Why we ported _PyPegen_run_parser error preference

CPython's _PyPegen_run_parser does something subtle. When the parser fails, it returns the deepest pinned error rather than the most recent miss. The reason is that PEG parsers explore many alternatives in parallel; the most recent miss is often a generic "didn't match" from way back in the grammar, while the deepest pinned error is usually the actual syntax error the user wrote.

Without this preference, we kept seeing "parser not implemented" errors for code that had a perfectly explicable syntax error somewhere deep in the parse tree. Porting the preference gave us the same error messages CPython produces, which dramatically improved the developer experience: error messages that point at the actual problem rather than at the place the parser gave up.

Where it lives

  • parser/lexer/lexer.go has the blank-line and ELLIPSIS fixes.
  • parser/lexer/state.go carries the blankline flag.
  • parser/pegen/action_helpers_gen.go has the matchedOr sentinel, the big-int fallback, and most of the ported action helpers.
  • tools/parser_gen/emit.go is the generator change.
  • ast/ carries the Lib/ast.py port.
  • parser/parity_test.go is the differential gate.
  • parser/grammar_panel_test.go is the HARD goal gate.

Compatibility

A few user-visible changes are worth flagging.

  • Big-int literals work. Programs that worked around the v0.10.1 overflow (constructing the value at runtime via int('0xff...', 16)) can now use the literal directly.
  • Comment-only lines no longer break statement boundaries. Programs that had inserted dummy statements between comments to keep the parser happy can drop them.
  • Real syntax errors now surface with line / column. The v0.10.1 generic "parser not implemented" is gone; instead, you'll see the same SyntaxError message CPython would have produced.
  • PEP 515 underscored literals parse. Code that wrote 1000000 instead of 1_000_000 to dodge the v0.10.1 rejection can use the readable form.
  • F-strings with !r / !s / !a and format specs work. Programs that fell back to format(repr(x)) or '%r' % x can use the f-string form directly.

What's next

The remaining parser polish lands in v0.11:

  • Position tracking parity. lineno, col_offset, end_lineno, end_col_offset on every AST node. The parser produces nodes today but the position panel is not yet pinned against CPython. The differential gate doesn't catch this because ast.dump by default doesn't include positions; once we widen the gate to ast.dump(node, include_attributes=True), position bugs will surface.
  • Memo-cache hit pattern parity with CPython on Lib/test/test_grammar.py. Diagnostic only; not user-observable, but matching the memo-cache hits tells us our generator's cache layout matches CPython's, which in turn catches edge cases where we descend into a branch CPython doesn't.
  • Broaden the parity fixture set beyond the seeded 50: drive ast.dump byte-equality across the full $CPYTHON/Lib corpus. The corpus gate proves the parser doesn't crash; parity proves the parser produces the right AST. We want both.
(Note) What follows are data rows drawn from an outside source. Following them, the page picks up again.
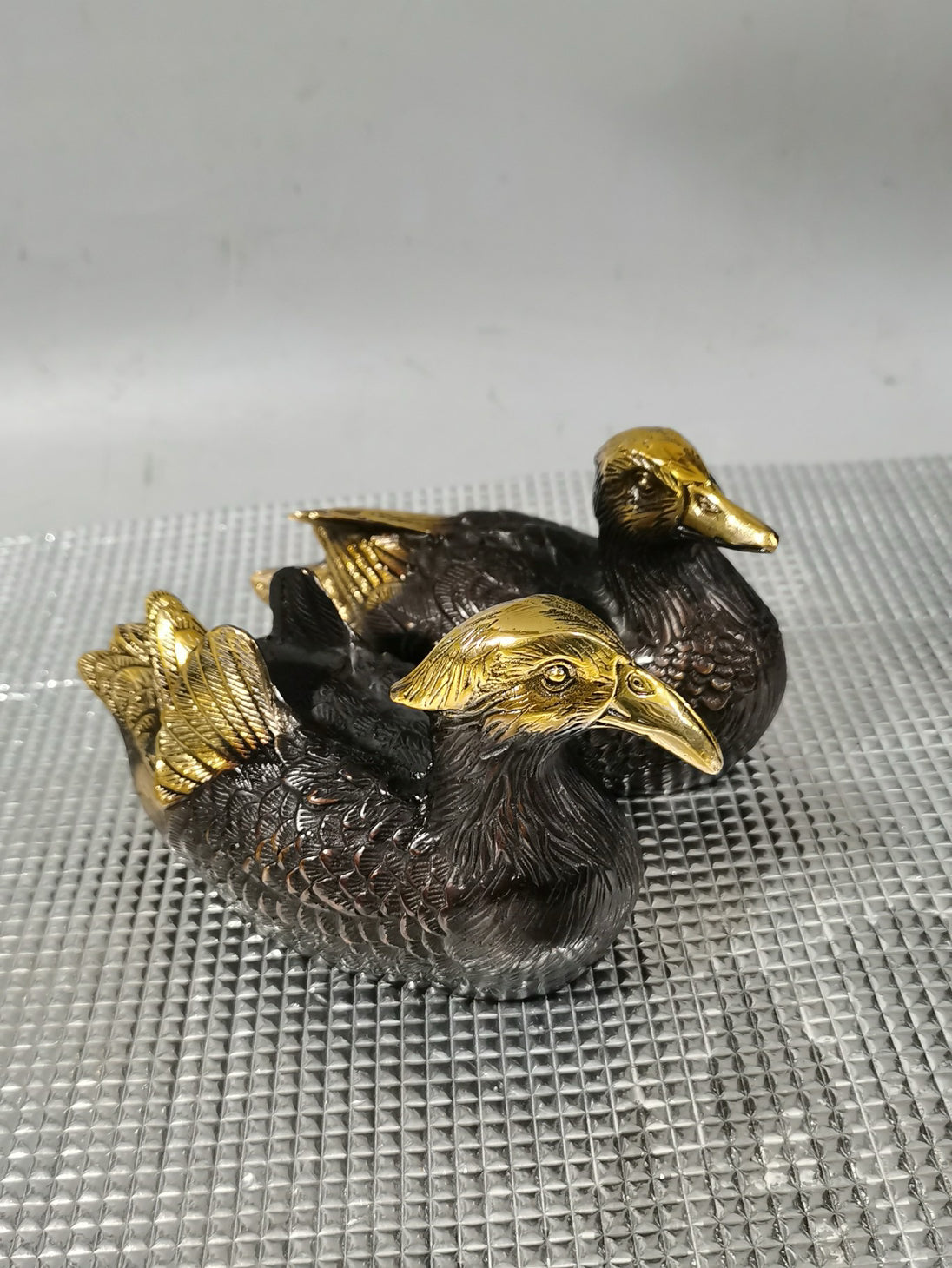 A pair of Chinese antique pure copper gilded mandarin ducks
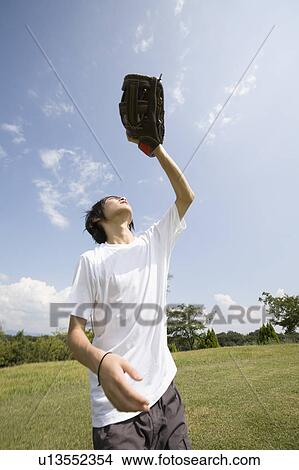One teenage boy playing catch View Large Photo Image Picture - One teenage boy playing catch. Fotosearch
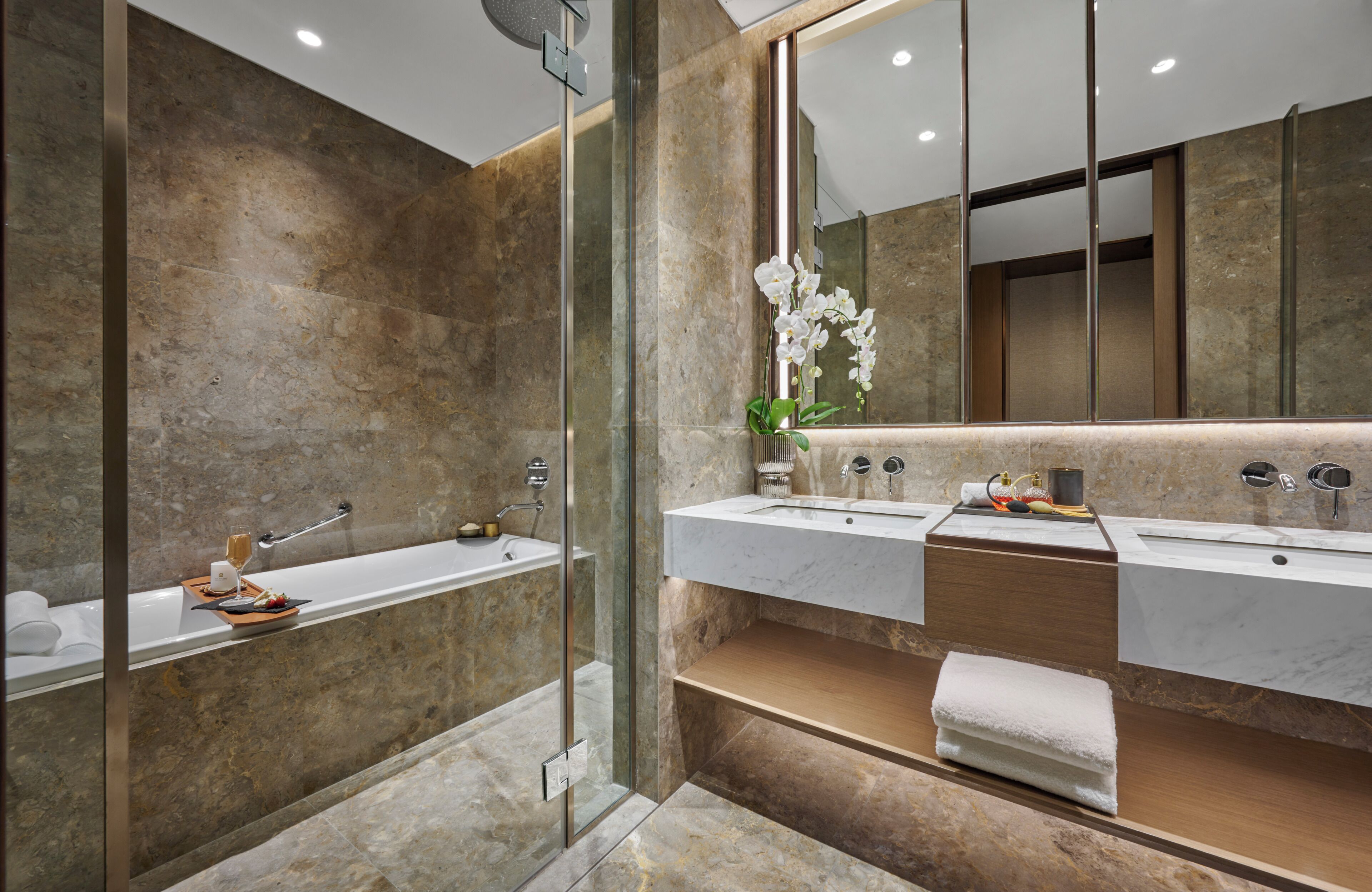 A modern bathroom with a glass-enclosed shower, a double sink vanity, and a large mirror.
After the parser-side polish, the next big push is the VM. v0.11 opens the path to the optimizer rewrite (tier 1, then tier 2) that lands in v0.12.

Acknowledgments

This release closes spec 1670 (parser corpus 100%), spec 1671 (differential parity gate), and the long tail of action-helper porting work that had been parked since v0.7. The pull request that shipped this release carries 306 matchedOr call sites in the regenerated parser. Every one of them is a small piece of the matched-vs-failed bridge that turns a generator-emitted "return nil" into a "return matched".